Exercise: Copy the material below verbatim from the line with "Silver Distressed Jeans - Picture 3 of 3" to the line with "Mała skórzana listonoszka złota", both lines included, omitting pictures and every line outside that range.

Dataset records:
---*---
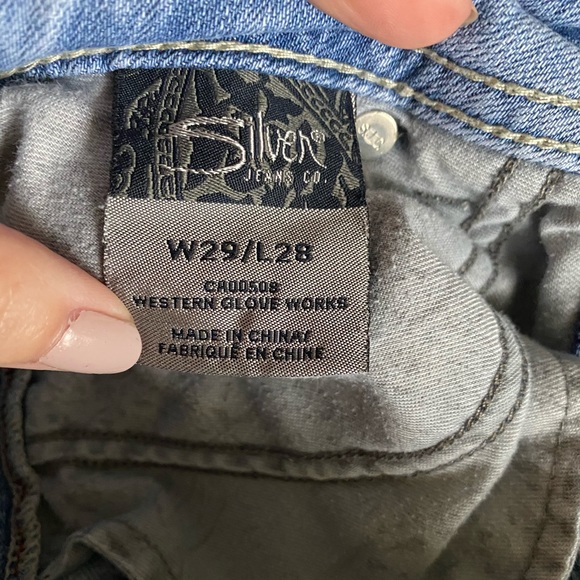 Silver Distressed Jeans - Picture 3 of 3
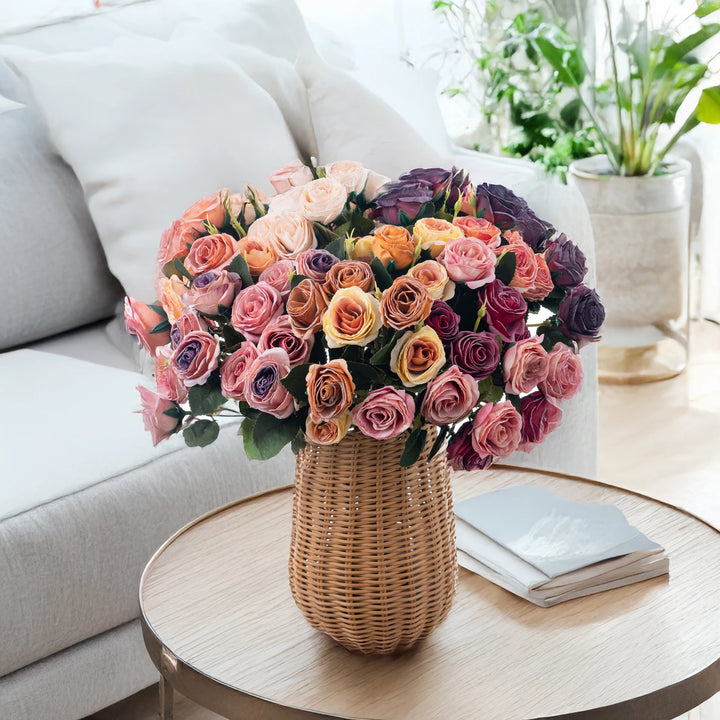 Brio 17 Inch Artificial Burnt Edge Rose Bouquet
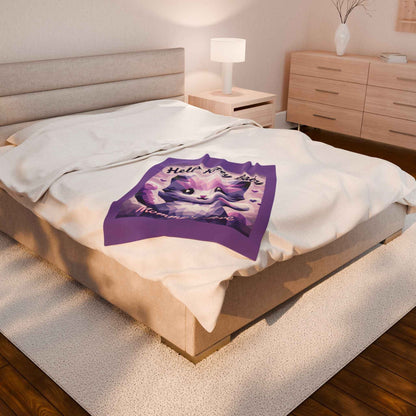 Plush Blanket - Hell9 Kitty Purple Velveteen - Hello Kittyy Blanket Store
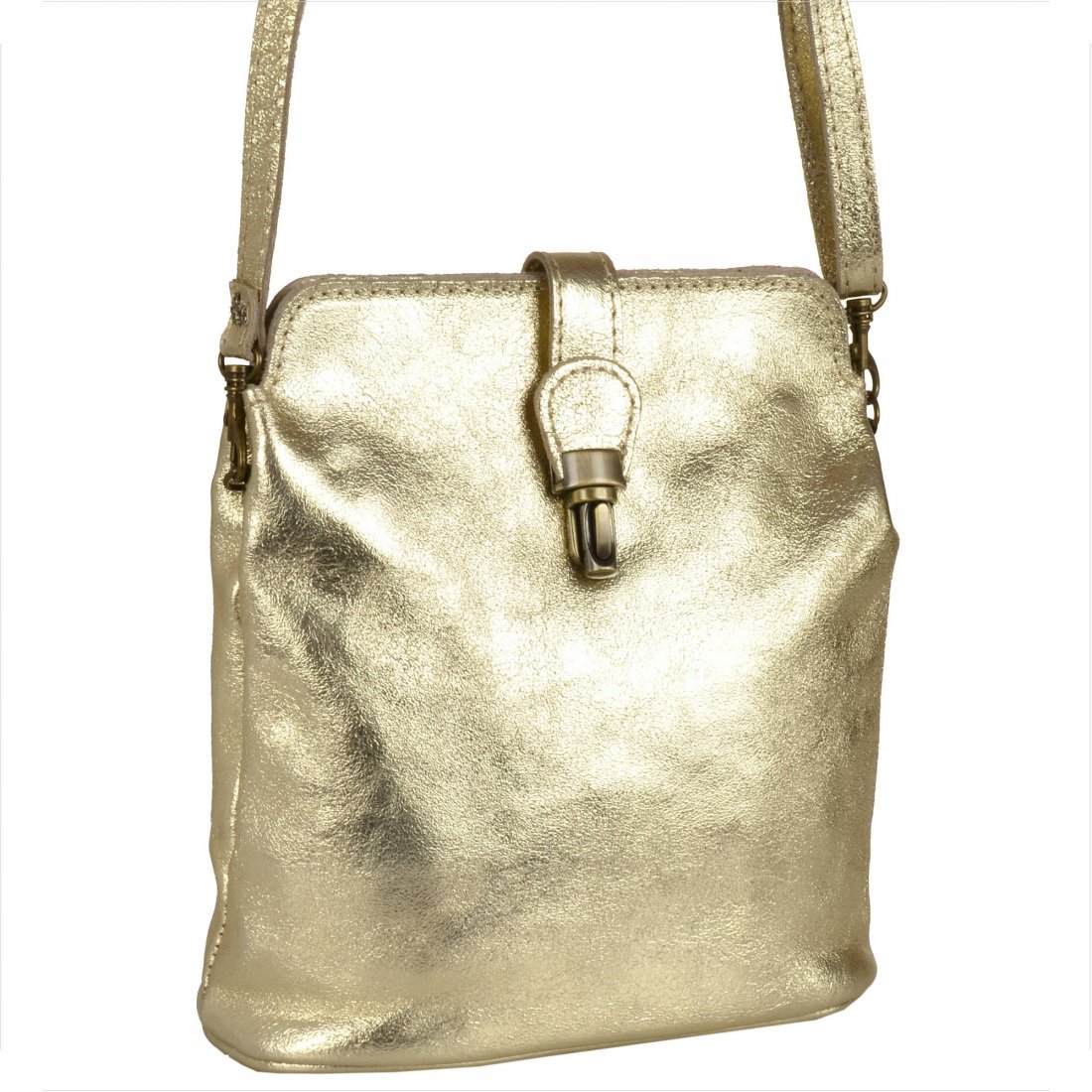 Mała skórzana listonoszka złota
---*---
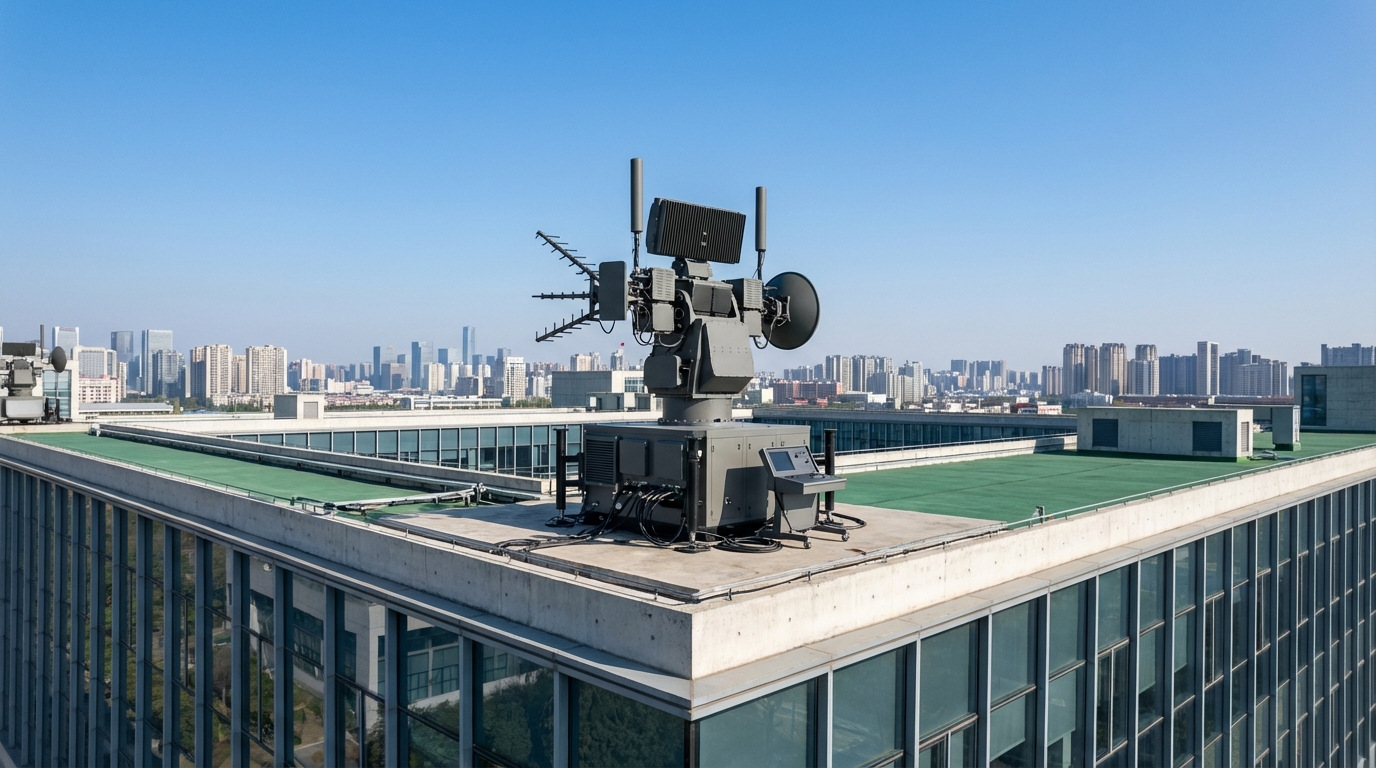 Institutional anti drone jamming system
---*---
The answer:
 Silver Distressed Jeans - Picture 3 of 3
 Brio 17 Inch Artificial Burnt Edge Rose Bouquet
 Plush Blanket - Hell9 Kitty Purple Velveteen - Hello Kittyy Blanket Store
 Mała skórzana listonoszka złota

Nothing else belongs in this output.